Pick up a nice fork with travel adjustment like a Marz 66 ETA, or a Totem 2 Step. A cheaper one... Domain 318 IS U-turn (what I have, LOL).


----------



## TrailNut (Apr 6, 2004)

bmxconvert said:


> I'd say go for a Foes Fly, perhaps even wait for the '08 2:1 Fly as apparently a couple have been built to 36lbs with a Fox 40 up front. The reason I suggest the fly is that it does everything so well.
> I recently borrowed a friends Fly that weighs in at 44lbs to try on the trails, I loved it. The downhills, obviously were amazing and with the floating brake arm there was no brake jack, and the uphills, despite being a heavy frame, climbed very well. Better than my Session 77 which was 6lbs lighter, and had lower gearing. The bike pedals much better than my M3 as well.
> With the Fly you can choose 8 or 9" of travel, and run a 7" single crown or 8" dual crown fork, depending on what you want to ride. 2 of my friends race with their Fly's set up with 40's and are loving them.
> 
> ...


 thank you. 8" at 36# with F40...wow


----------



## TrailNut (Apr 6, 2004)

keen said:


> Where do you plan on racing a full DH rig ? If you are racing locally a 6" bike will race all of the Bay Area venues. Wildcat / Tilden on a DH bike is just wrong. If you want to race a 8" bike be prepared to travel down to socal or the occasional N* etc. race's up North.

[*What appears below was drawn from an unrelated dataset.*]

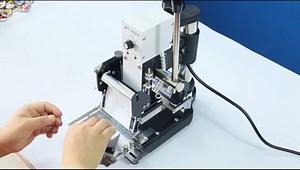 VEVOR Bronzing Machine 8x10cm Hot Foil Stamping Machine 110V with Bracket and Digital Display Stamping Machine for Leather PVC PU Wood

 "...racing locally a 6" bike will race all of the Bay Area venues..." really? intresting. thanks.


----------



## jakomonster (Jun 20, 2006)

I've taken my dh bike up quite a few xc trails but the problem i find is the way down ends up too easy. Being on the edge of disaster makes it fun but 8" of travel and big tires tends to make hard trails feel like they are paved. If you are lucky enough to live near crazy stuff that you can pedal up go for it. I'll still try anything once but dont get too many rides that are worth repeating.


----------



## oakhills (Mar 30, 2004)

*my do anythink bike*

I ride most trails with this bike, with the exception of a fast paced group XC ride. It pedals and climbs good, plush on the way down. I like to say twice the workout on the way up, but twice the fun on the way down.....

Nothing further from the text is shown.